FDIC stands for Federal Deposit Insurance Corporation and they insure deposit bank accounts for up to 0,000. Even though they are sponsored by the government the FDIC is actually an independent corporation that works with the government to make sure that the money that people have in their bank accounts will be safe in case something happens to the bank.
Pretty much every type of bank account is FDIC insured. Checking, Savings, high interest savings, and even your CDs. Plus the FDIC insures each bank account individually so if you have both a checking and a savings they are both insured for the 250,000.
The things that aren’t insured by the FDIC can be described as putting your money somewhere other than a physical account.
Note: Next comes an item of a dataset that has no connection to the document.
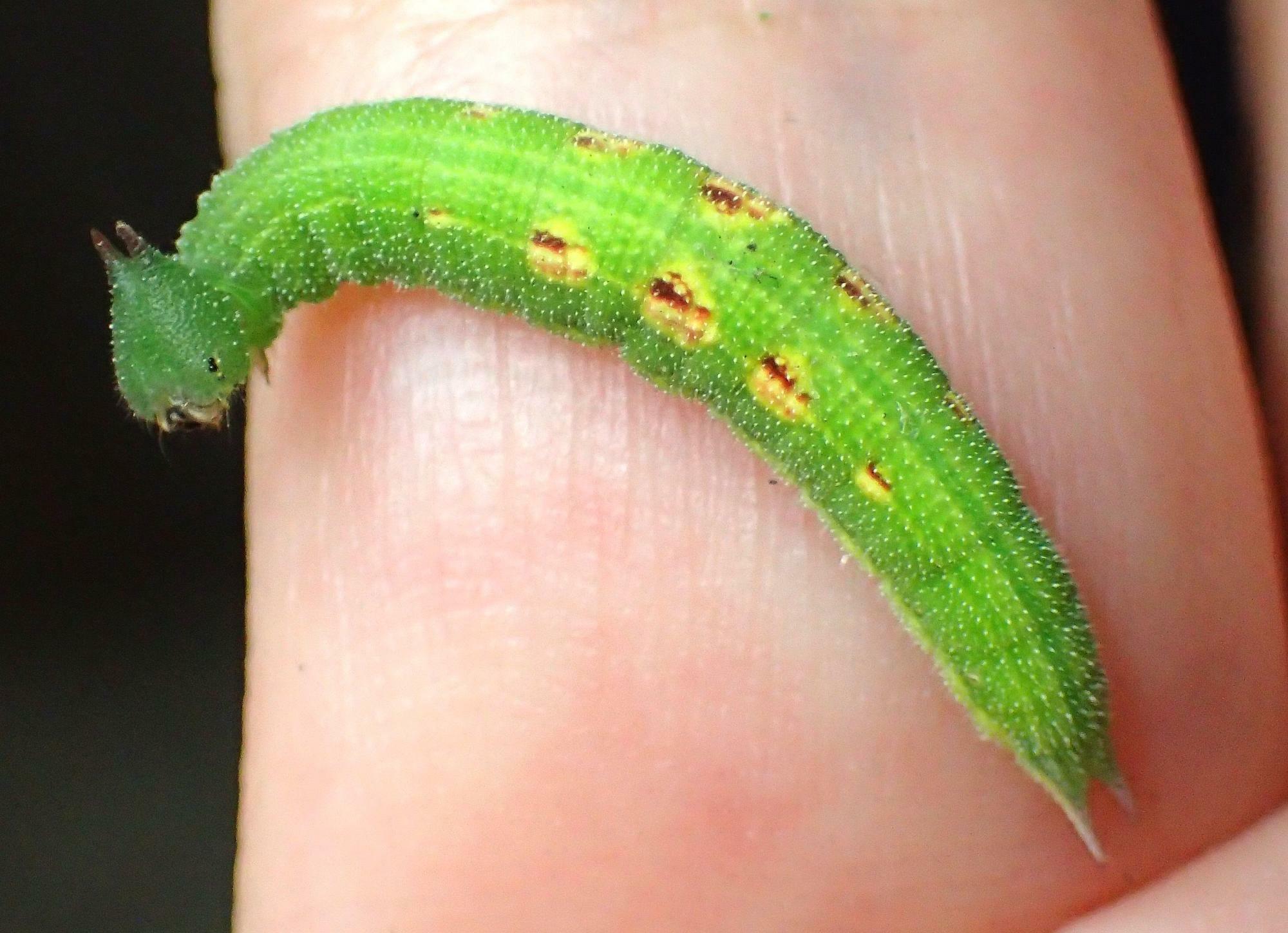 斑紋タイプのヒカゲチョウ幼虫に出会ったら超ラッキー。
This would be things like stocks, bonds, and mutual funds because you’re putting your money in the market, and safety deposit boxes because you’re just putting your money in a box and not an account.
Your money is insured against a massive computer failure at the bank or if there is an economic tanking and there is a sudden run on money. It is not insured from a robbery or any other type of theft.
If you have any further questions about the FDIC and what they do, be sure to ask me here on youtube or on facebook. Like us while you’re at it too. For Safepact.com this has been Tyler….build safe out there.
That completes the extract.